Causas fisiológicas y neurofisiológicas

Las causas fisiológicas y neurofisiológicas de la midriasis son aquellas que están relacionadas con nuestras funciones biológicas o neuroanatómicas. Específicamente son las causas relacionadas con cómo funciona nuestro cerebro y otros sistemas relacionados.

La presencia de niveles altos de oxitocina puede conducir a un cuadro temporal de midriasis. Es así debido a que la oxitocina es la sustancia que se libera cuando nos ejercitamos y cuando nos relacionamos con las personas, tanto física como socialmente. También es la sustancia que se libera durante el parto.

Así mismo, la midriasis suele estar presente durante neuropatías de los nervios craneales, que son daños graduales de los nervios que rodean el ojo. Esto afecta al sistema oculomotor y a los nervios encargados de que las pupilas se ensanchen o se contraigan.

Por ejemplo, las parálisis del nervio parasimpático. Otras causas relacionadas con esto son los accidentes cerebrovasculares, los traumatismos craneoencefálicos, las hernias cerebrales o la epilepsia.

Finalmente, uno de los cuadros que incluyen midriasis es el Episodio Benigno Unilateral de midriasis (BEUM por sus siglas en inglés), que es una condición temporal de dilatación de la pupila, generalmente acompañada de dolores de cabeza y ojos, sensibilidad a la luz y visión borrosa. Suele ocurrir por ejemplo durante algunos episodios de migraña.

Tratamiento y qué hacer

Ante un cuadro de midriasis es importante mantenerse atento por si la dilatación de la pupila se mantiene por un tiempo prolongado (si el estímulo luminoso ha desaparecido o ya ha pasado un tiempo suficiente para adaptarnos a éste). En estos casos es importante consultar a un médico especialista.

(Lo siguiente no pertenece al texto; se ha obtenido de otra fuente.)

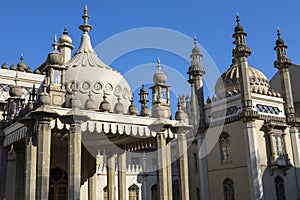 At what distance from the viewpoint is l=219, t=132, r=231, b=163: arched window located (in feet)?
98.3

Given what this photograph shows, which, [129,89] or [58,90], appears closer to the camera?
[58,90]

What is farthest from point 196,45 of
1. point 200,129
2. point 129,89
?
point 129,89

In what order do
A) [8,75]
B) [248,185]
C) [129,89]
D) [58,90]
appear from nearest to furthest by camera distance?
[58,90] < [129,89] < [8,75] < [248,185]

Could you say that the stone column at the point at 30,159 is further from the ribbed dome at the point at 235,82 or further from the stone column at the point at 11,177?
the ribbed dome at the point at 235,82

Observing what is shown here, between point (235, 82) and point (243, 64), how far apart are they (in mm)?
3079

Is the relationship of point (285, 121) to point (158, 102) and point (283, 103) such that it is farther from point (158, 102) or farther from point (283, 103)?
point (158, 102)

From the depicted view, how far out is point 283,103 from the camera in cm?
3212

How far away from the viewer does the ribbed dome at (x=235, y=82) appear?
31766 millimetres

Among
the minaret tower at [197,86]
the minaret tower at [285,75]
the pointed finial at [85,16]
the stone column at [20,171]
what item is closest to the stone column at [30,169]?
the stone column at [20,171]

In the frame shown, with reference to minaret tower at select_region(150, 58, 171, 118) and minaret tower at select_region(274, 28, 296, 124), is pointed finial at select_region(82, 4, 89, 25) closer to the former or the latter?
minaret tower at select_region(150, 58, 171, 118)

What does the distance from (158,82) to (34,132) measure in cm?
621

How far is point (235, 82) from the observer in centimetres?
3281

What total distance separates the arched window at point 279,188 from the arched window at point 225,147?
4.02 m

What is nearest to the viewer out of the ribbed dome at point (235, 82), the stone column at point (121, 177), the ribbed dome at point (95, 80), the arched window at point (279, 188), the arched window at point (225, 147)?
the ribbed dome at point (95, 80) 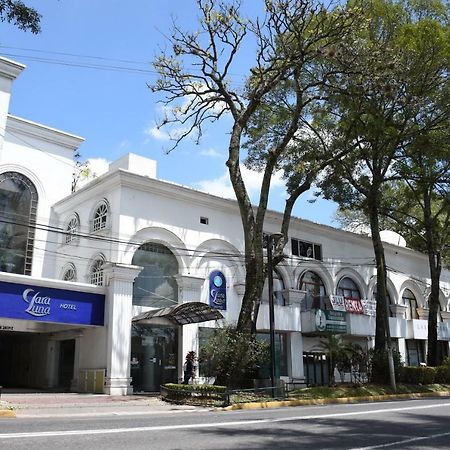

Como tratamiento es recomendable evitar la exposición directa al sol, así como evitar conducir. También es recomendable el uso de lentes (gafas) oscuros y evitar leer textos a una distancia corta. Hacer lo contrario a todas estas recomendaciones puede provocar que la midriasis permanezca y afecte de manera importante nuestra visión.

Por otro lado, si se trata de un indicador de condición patológica, el especialista podría recomendar un tratamiento quirúrgico.